Lorenzo remarks, “It surprises me how many young people come to Cifonelli asking for these two items.” The former is a 2.0 version of the traditional double-breasted jacket, which Massimo loved, but viewed as overly structured and constricting. To open it up, he created a deeper lapel that overlaps toward the bottom hem and closes with a single button. There are six classic buttons on the front, but only one of them is functioning (along with a hidden button inside). The rest are just for show. Thus, the 6×1. Buyers can customize the style to suit their whim. One version of this jacket, cut from Japanese cotton jersey, has been baptized “Spy”. The soft material has a sporty appearance, and Massimo and Lorenzo envision the wearer as someone who cycles to the office wearing the suit and a pair of sneakers, then transforms at work by slipping on a pair of dress shoes and a tie.

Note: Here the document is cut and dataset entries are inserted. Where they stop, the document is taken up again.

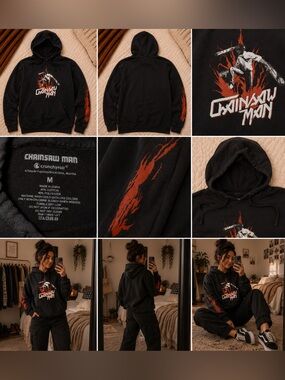 Chainsaw Man Black Graphic Hoodie - Official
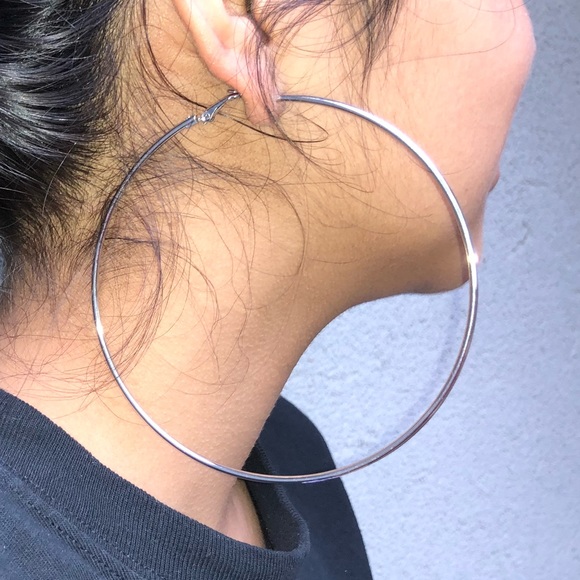 Jewelry - 925 Sterling Silver Big Hoop Earrings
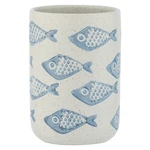 Niebiesko-biały ceramiczny kubek na szczoteczki Wenko Aquamarin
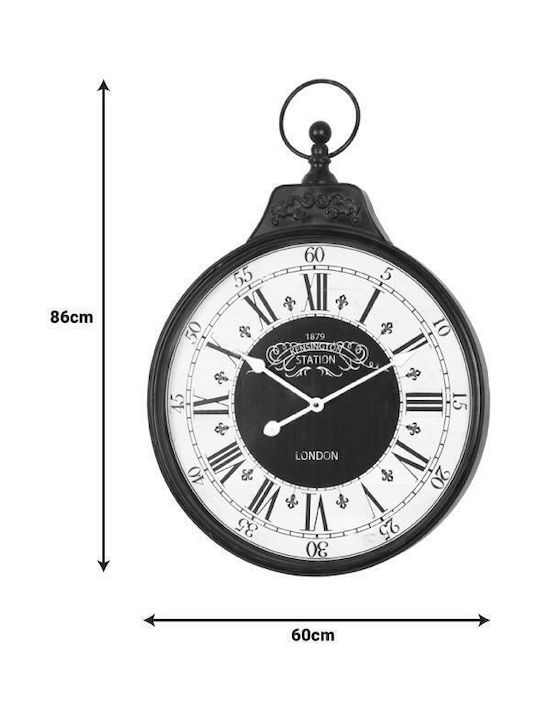 Inart Cloco Wall Clock Metallic Black Ø60cm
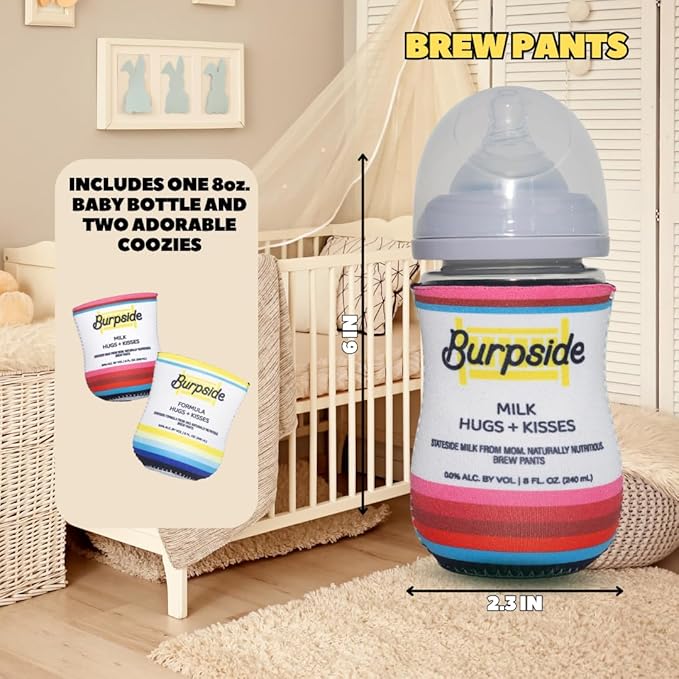 Soft Drink Themed Coozies for Baby Bottles - Funny Gift for New Parents & Baby Showers - (2 Premium Designed Neoprene Coozies + BPA/Lead/Phthalate Free Bottle Included)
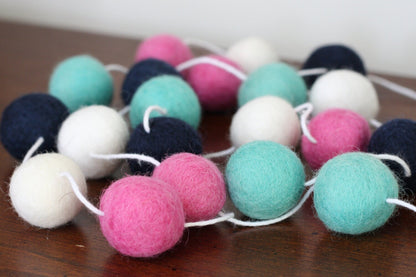 Pink, Navy and Turquoise Felt Ball Garland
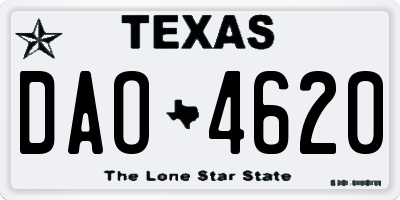TX license plate DAO4620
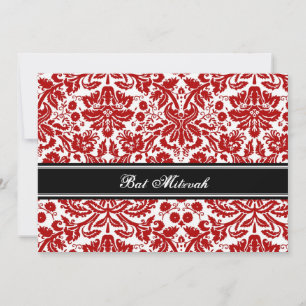 Invitations de Bat mitzvah de Damas Noir Rouge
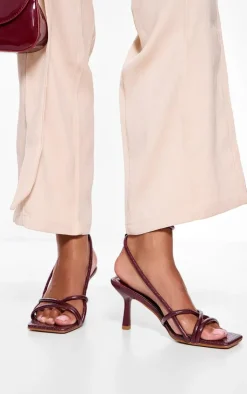 PrettyLittleThing Mid Heels*Burgundy Croc PU Square Toe Tube Strappy Mid Stiletto Heeled Sandals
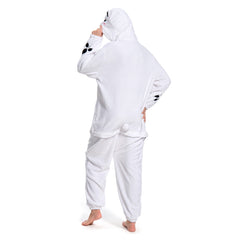 Polar Bear Animals Onesie Flannel Sleepwear Plush Warm Home One-Piece Costume Halloween Carnival Suit - OLAOLA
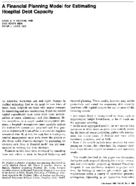 A financial planning model for estimating hospital debt capacity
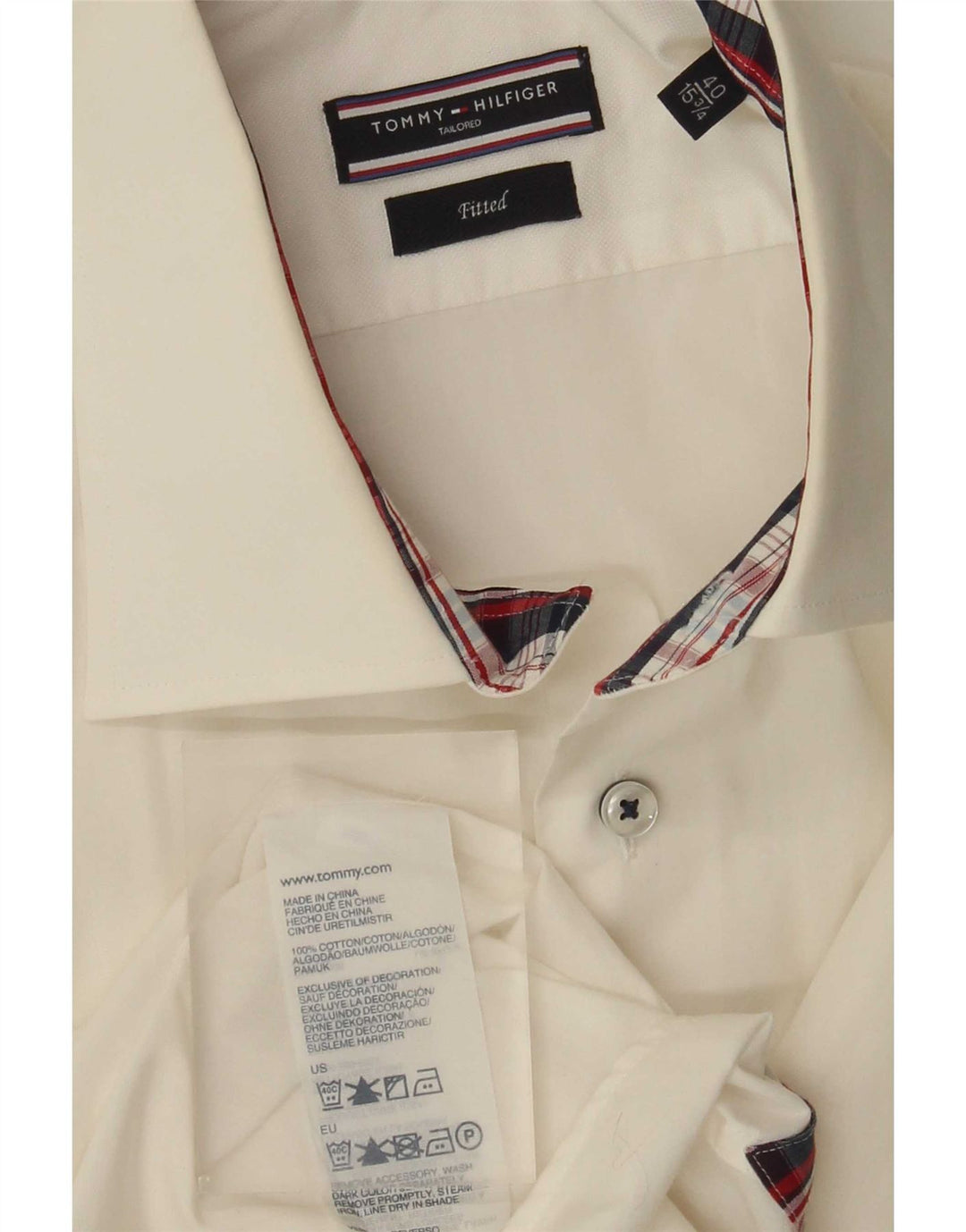 Camisa masculina sob medida Tommy Hilfiger tamanho 40 15 3/4 médio off white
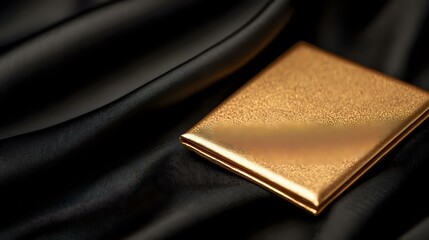 Elegant golden metallic business card holder on black silk fabric background with dramatic lighting and luxurious reflective surface texture.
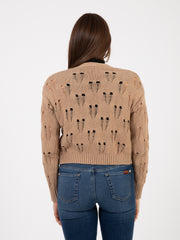 KAOS - Cardigan traforato corda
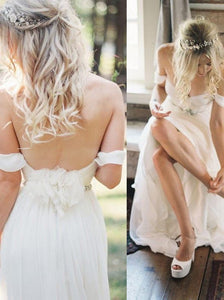 2024 Elegant Off-shoulder Beading Sash Backless White Long Chiffon Wedding Dresses RS174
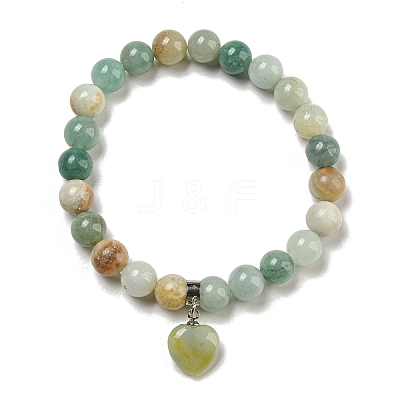 8.5mm Round Natural Flower Amazonite Beaded Stretch Bracelets BJEW-C074-01R-1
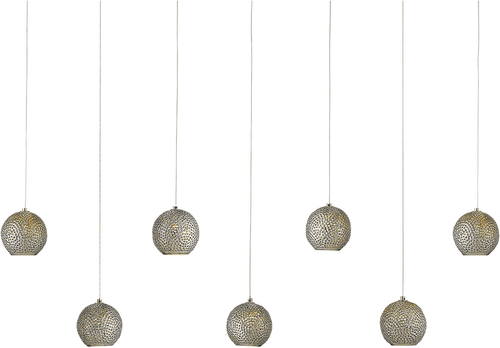 Currey & Company 9000-1056 Giro Modern Nickel / Blue / Silver Multi Pendant Light Fixture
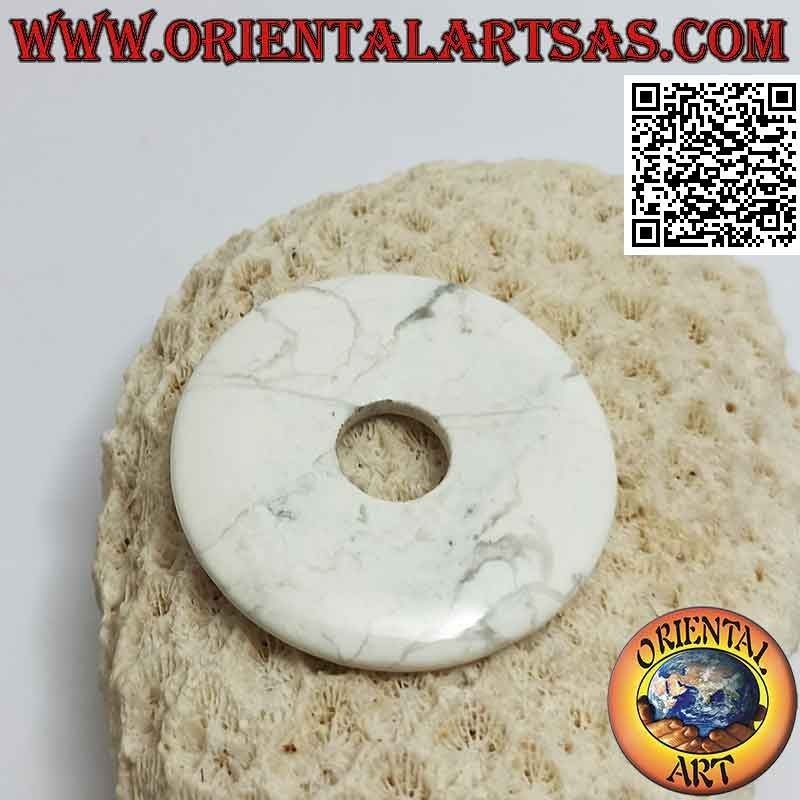 40mm Howlite Disc / Donut-Anhänger. Ø (Kabel im Lieferumfang enthalten)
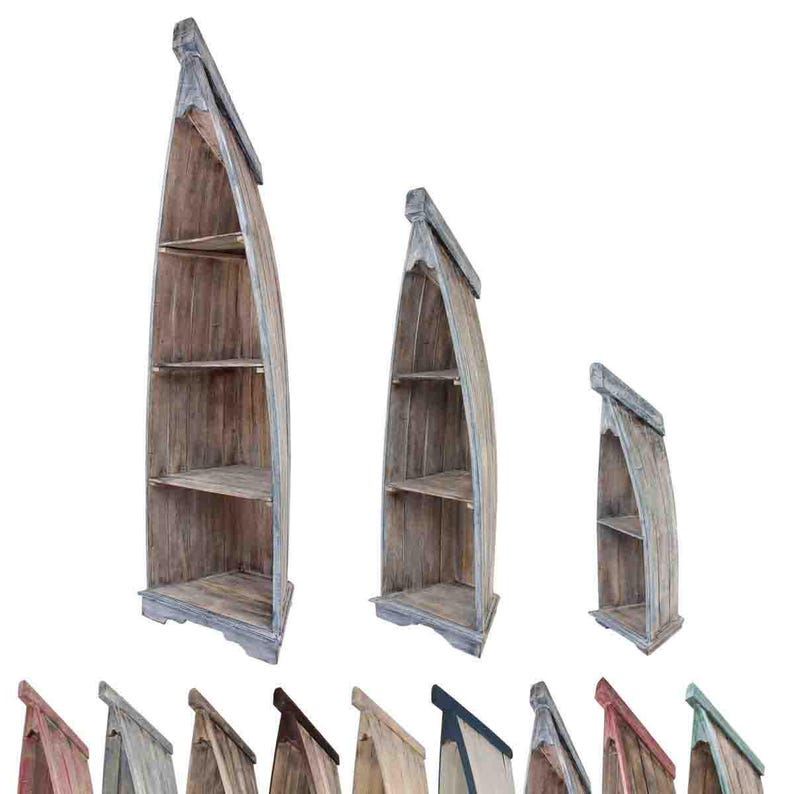 Regal in Bootsform mit Steeg Badregal Bootsregal Boot Standregal Aufbewahrung Albesia Holz Bild 3
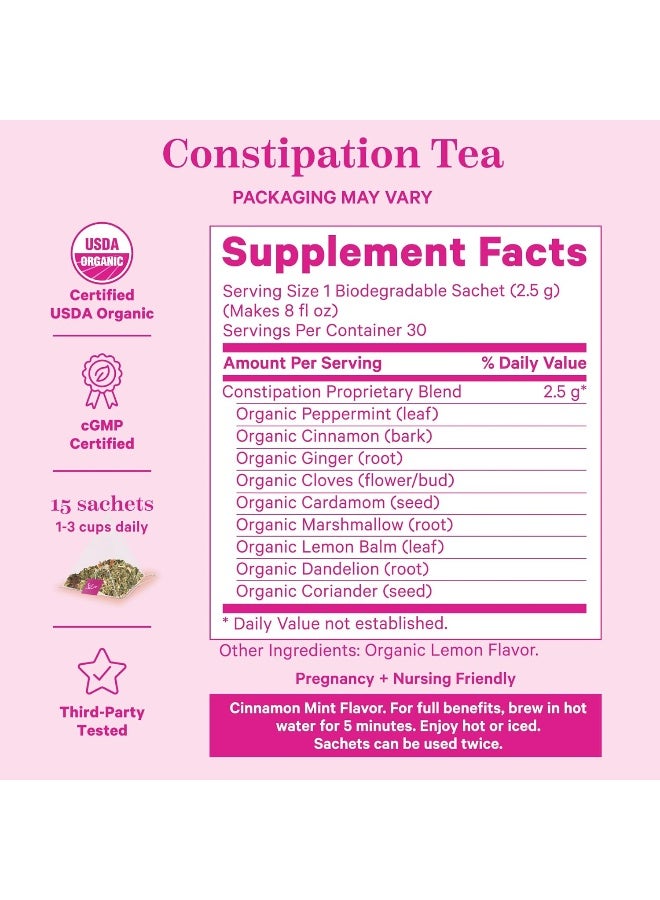 بينك ستروك شاي الإمساك بنكهة القرفة والنعناع 15 كيس هرمي - Image 4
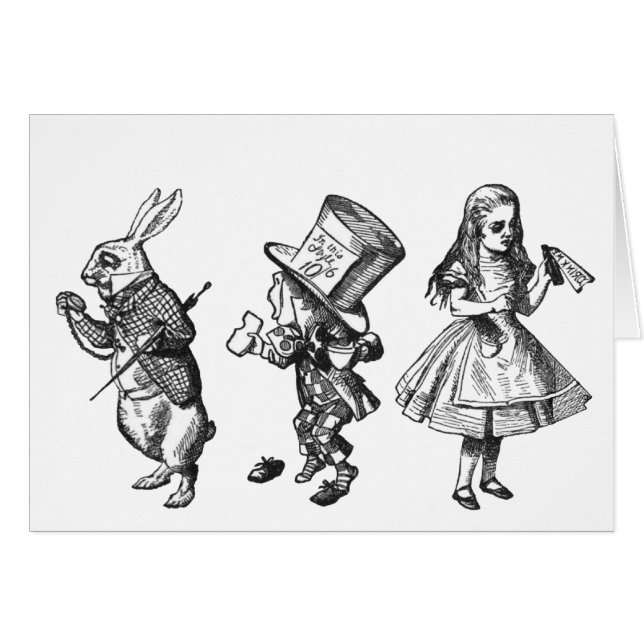 Kaninen, hatteren & Alice från underland Hälsningskort (Framsidan Horizontal)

The waistcoat is another double-breasted article of clothing currently enjoying a comeback, and one that Cifonelli has tweaked to make their own by pairing it with their emblematic one-button jacket. (There is even the Cifonelli Canadienne, a one-button sport coat with slanted chest pockets, inspired by Canadian hunting jackets.)
The future of Cifonelli is now—the destiny of the brand is in the hands and on the minds of its current proprietors. La relève, or “the successors”, is an issue that hangs above their heads. “Yes, it’s a problem,” Lorenzo admits, caressing his beard once again as if feeling his age. “There are always young people in training. We have to anticipate what will happen in three or four years. You can’t let it pass you by, because there will be people retiring. You can’t just say, ‘We’ll see what will happen.’ ”
Finally, when it boils down to the Cifonelli passing of the torch, or rather the scissors, the conversation turns to Massimo’s 10-year-old son, Vittorio. “I won’t put pressure. If I see he has an interest, then I will help him,” says the modern dad. Granted, a woman could very well become Cifonelli’s fifth-generation master tailor; Vittorio has an older sister, Chiara. Lorenzo, who has two daughters, emphasizes the reality of being a master tailor (male or female): “This profession requires passion and talent, the talent of being hardworking.”
Like father, like son, like daughter? While the Cifonelli empire slowly blossoms before our eyes, the question of lineage remains. But whatever and whenever a change occurs for La Maison Cifonelli, we can be sure of two things. First, the Cifonellis will be dressed to the nines and, second, the world will take notice.